This article was produced by Olswang LLP, which joined with CMS on 1 May 2017.
The Court of Appeal recently considered the issue of whether an anti-oral variation clause prevented the oral variation of a written agreement. The Court’s decision may surprise some.
It is fairly common for written contracts to include a term that any variation of the contract must be in writing. There are good reasons to include such provisions, namely to promote certainty and control. Parties do no want to be met with claims that a discussion resulted in some variation of their agreement. Businesses may also be concerned about their employees entering into oral agreements which are binding upon the organisation, but which it knew nothing about.
The case of MWB Business Exchange Centres Ltd v Rock Advertising (2016) concerned a written agreement under which Rock occupied as licencee premises managed by MWB. Rock fell behind in its licence payments and MWB purported to terminate the agreement and claimed back the arrears and other charges. Rock however claimed it was not in breach of the agreement because it had met with MWB’s credit controller who had agreed at that meeting to re-schedule the payments. MWB pointed out that the written agreement between the parties included a term that all variations, “must be agreed, set out in writing and signed on behalf of both parties before they take effect.” Unsurprisingly, MWB contended that this clause precluded any oral re-negotiation of the payment procedure.
Whilst the judge at first instance agreed with MWB that the clause precluded any oral re-negotiation of the payment procedure, the Court of Appeal preferred the view that it was possible for contracting parties to agree to vary or waive a requirement that any variation be in writing.

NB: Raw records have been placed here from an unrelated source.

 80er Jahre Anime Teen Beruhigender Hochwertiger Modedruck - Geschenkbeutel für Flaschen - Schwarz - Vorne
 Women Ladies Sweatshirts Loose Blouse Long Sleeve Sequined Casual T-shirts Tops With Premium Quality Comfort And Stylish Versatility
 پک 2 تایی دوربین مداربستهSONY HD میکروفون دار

Since MWB’s credit controller had agreed to vary the payment terms, and she had ostensible authority to do so, there had been an oral variation of the agreement which was not precluded by the express terms of the contract. The Court’s reasoning was based upon a long held view that parties should have freedom of contract. As one US judge (to which the Court of Appeal referred) put it, “[t]hose who make a contract, may unmake it. The clause which forbids a change, may be changed like any other.”
If anti-oral variations clause do not preclude an oral agreement, is there any point in using them? In my view, there is. A judge is likely to require compelling evidence that the parties’ discussions were intended to orally vary a written contract incorporating an anti-oral variation clause. Such a clause also encourages the parties to ensure that oral variations are properly documented, thereby reducing the scope for any disagreement between the parties as to the terms of their agreement.

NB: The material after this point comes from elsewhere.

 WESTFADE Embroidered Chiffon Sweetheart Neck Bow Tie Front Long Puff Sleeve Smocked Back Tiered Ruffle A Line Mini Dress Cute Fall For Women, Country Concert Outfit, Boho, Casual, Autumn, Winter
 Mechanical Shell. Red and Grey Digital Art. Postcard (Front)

Nevertheless, it is clear that businesses cannot easily “contract out” of the risk of staff entering into oral variations of written agreements. This should highlight the need for proper training to ensure that employees are aware that their discussions and actions could be contractually binding on their businesses. It will usually be sensible for certain types of discussions to be carried out on a “subject to contract” basis to show that the parties do not intend any legal consequences to flow from their communications.